- Task to carry out: The records below are to be restated word for word, with their images omitted.

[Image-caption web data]
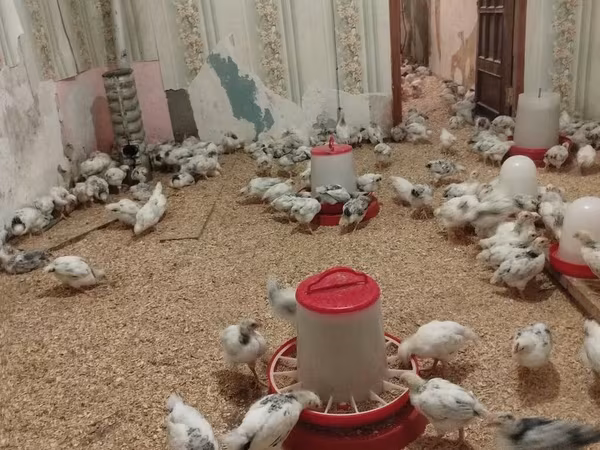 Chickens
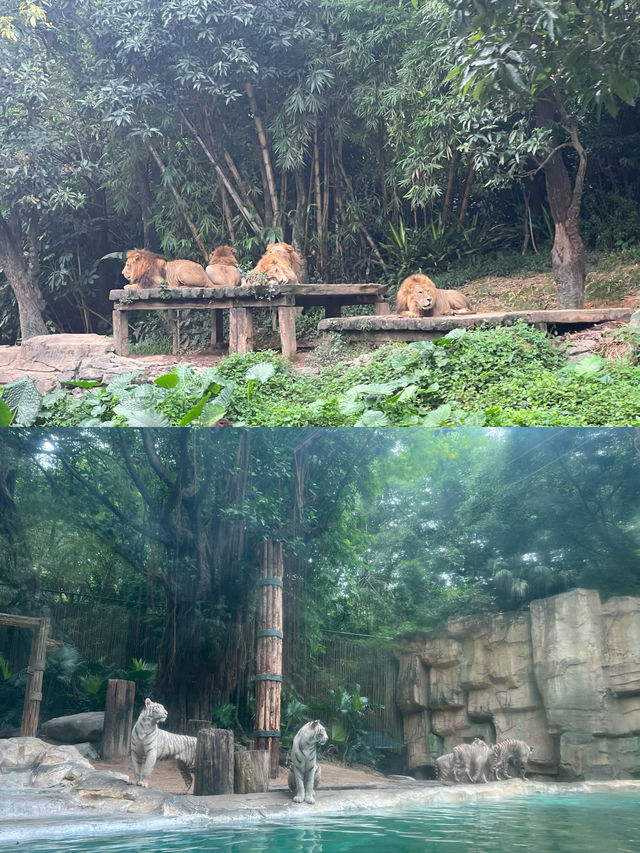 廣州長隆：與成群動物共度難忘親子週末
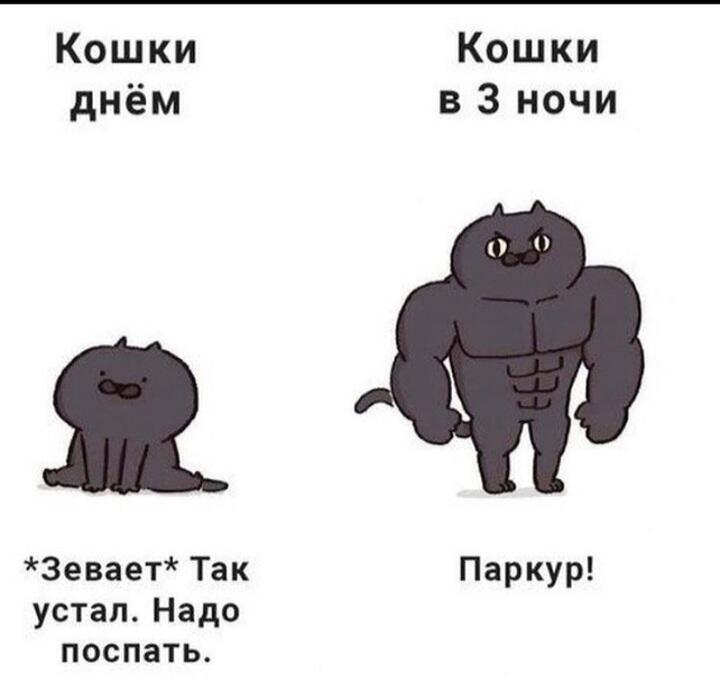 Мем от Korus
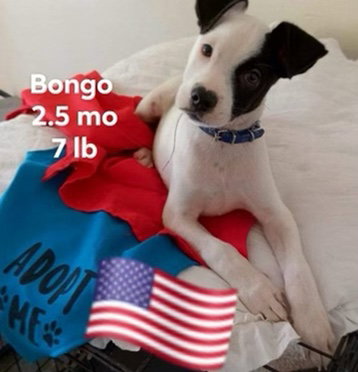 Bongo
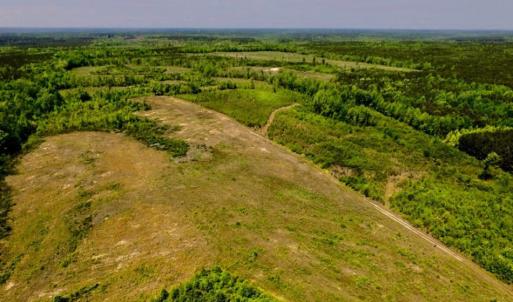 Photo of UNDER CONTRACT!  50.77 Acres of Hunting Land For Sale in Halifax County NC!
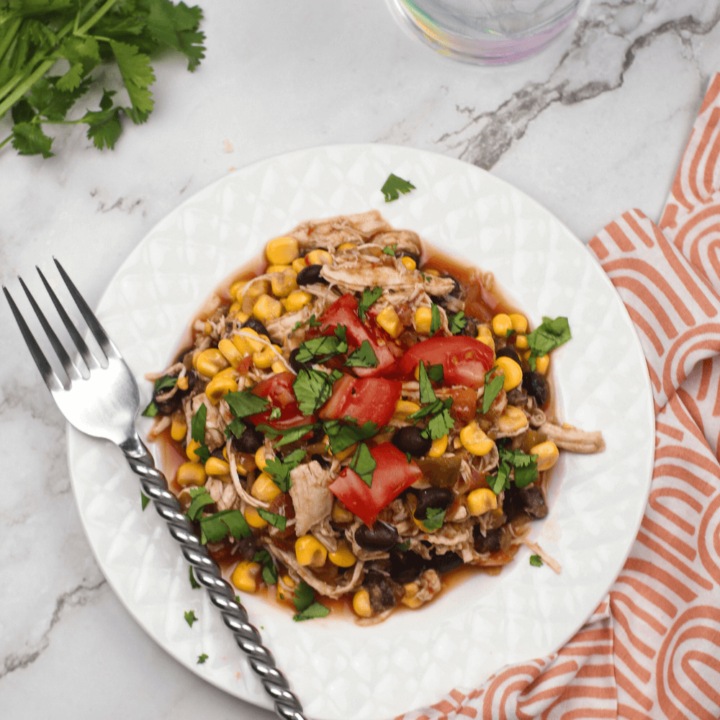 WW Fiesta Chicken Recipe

- Task response:
 Chickens
 廣州長隆：與成群動物共度難忘親子週末
 Мем от Korus
 Bongo
 Photo of UNDER CONTRACT!  50.77 Acres of Hunting Land For Sale in Halifax County NC!
 WW Fiesta Chicken Recipe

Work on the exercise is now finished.